Review carried out on 1 October 2019

During an annual regulatory review

We reviewed the information available to us about The Thornton Practice on 1 October 2019. We did not find evidence of significant changes to the quality of service being provided since the last inspection. As a result, we decided not to inspect the surgery at this time. We will continue to monitor this information about this service throughout the year and may inspect the surgery when we see evidence of potential changes.

Inspection carried out on 25 October 2018

During a routine inspection

We carried out an announced comprehensive inspection at The Thornton Practice on 25 October 2018 as part of our inspection programme. Our inspection team was led by a CQC inspector and included a GP specialist advisor.

At the last inspection in December 2014 we rated the practice as good overall.

Our judgement of the quality of care at this service is based on a combination of what we found when we inspected, information from our ongoing monitoring of data about services and information from the provider, patients, the public and other organisations.

We rated this practice as outstanding overall.

This means that:

  • Patients were protected from avoidable harm and abuse and that legal requirements were met.
  • Patients had good outcomes because they received effective care and treatment that met their needs.
  • Patients were supported, treated with dignity and respect and were involved as partners in their care.
  • People’s needs were met by the way in which services were organised and delivered.
  • The leadership, governance and culture of the practice promoted the delivery of high quality person-centred care.

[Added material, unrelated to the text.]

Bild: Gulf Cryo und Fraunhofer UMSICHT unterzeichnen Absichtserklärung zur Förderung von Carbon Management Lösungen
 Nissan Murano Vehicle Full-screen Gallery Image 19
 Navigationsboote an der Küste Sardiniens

We rated the practice as outstanding for providing responsive services because:

  • Services were tailored to meet the needs of individual people and were delivered in a way to ensure flexibility, choice and continuity of care.

  • The practice had identified areas where there were gaps in provision locally and had taken steps to address them.

We rated the practice as outstanding for providing well-led services because:

  • Leadership, governance and culture were used to drive and improve the delivery of high-quality person-centred care.
  • The practice led local initiatives to improve care and shared their best practice to the benefit of the neighbourhood.
  • Staff, patients and the patient participation group (PPG) had been involved by the practice leaders in the planning and delivery of care.
  • The practice had developed a vision to deliver high levels of care, staff reported high levels of motivation, work satisfaction and involvement achieving the practice vision.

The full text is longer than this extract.